*EXERCISE*.
Return the data below unchanged. Drop any pictures.

*GIVEN MATERIAL*.
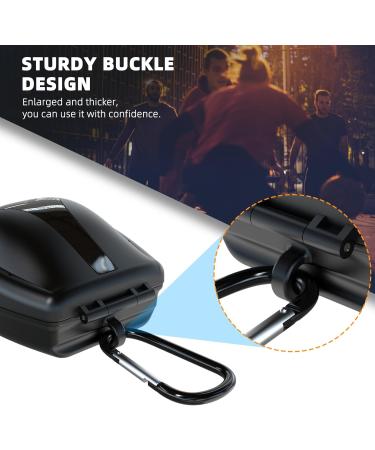 ARGOMAX Sports Mouth Guards Case 1 Piece Sports Braces Case with Carabiner Football Mouthguard Case Black. Black US - Buy Online on GoSupps.com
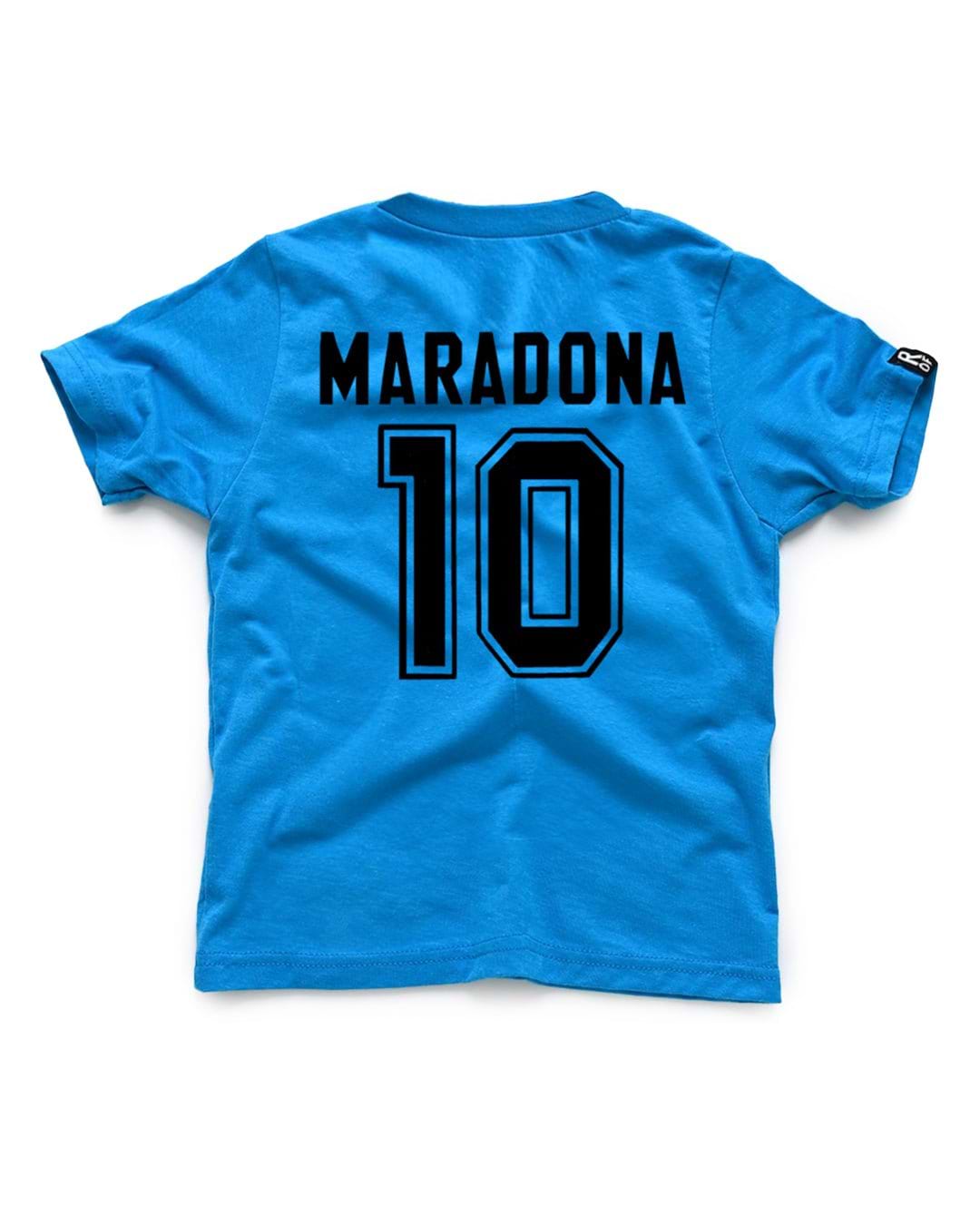 Maradona 10 Blue Kid's Tee - Roots of Fight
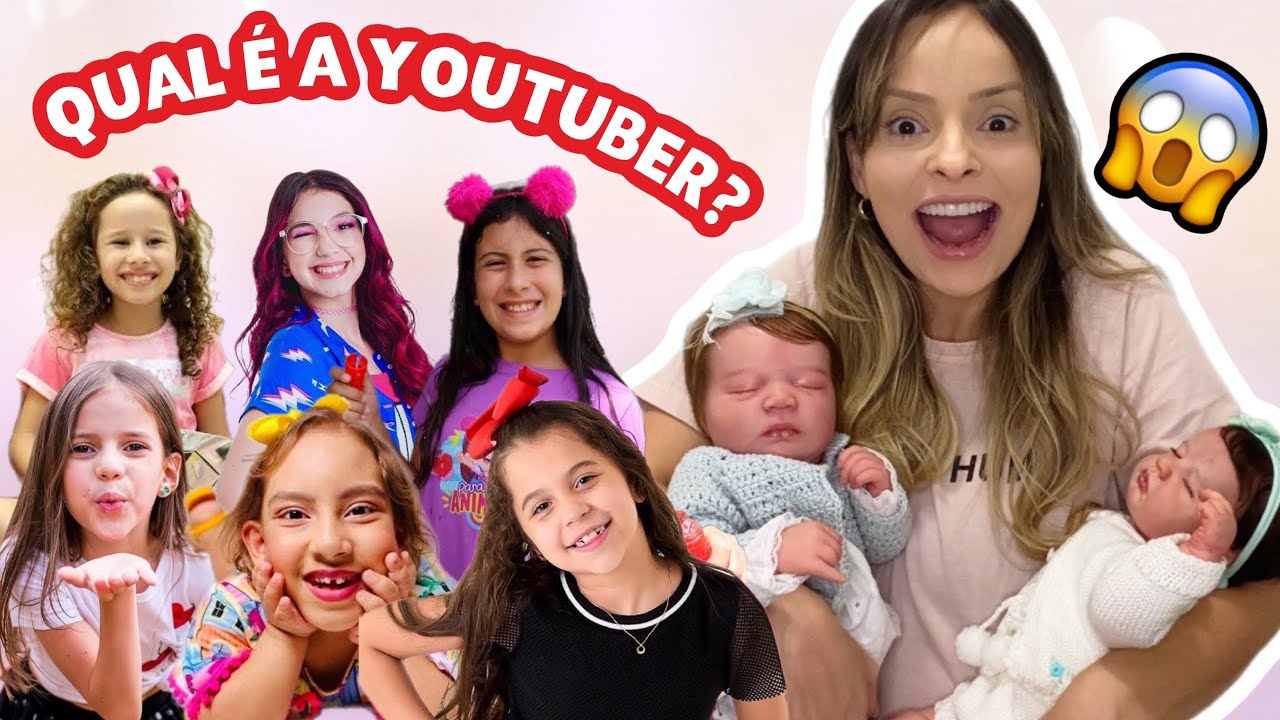 VOU ENVIAR DUAS BEB&Ecirc;S PARA YOUTUBER FAMOSAS! Voc&ecirc; adivinha quem &eacute;?! 🤔😱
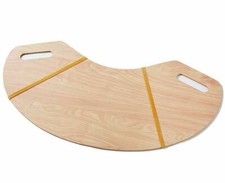 Wooden Oversized Gently Curved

*COMPLETED EXERCISE*.
 ARGOMAX Sports Mouth Guards Case 1 Piece Sports Braces Case with Carabiner Football Mouthguard Case Black. Black US - Buy Online on GoSupps.com
 Maradona 10 Blue Kid's Tee - Roots of Fight
 VOU ENVIAR DUAS BEB&Ecirc;S PARA YOUTUBER FAMOSAS! Voc&ecirc; adivinha quem &eacute;?! 🤔😱
 Wooden Oversized Gently Curved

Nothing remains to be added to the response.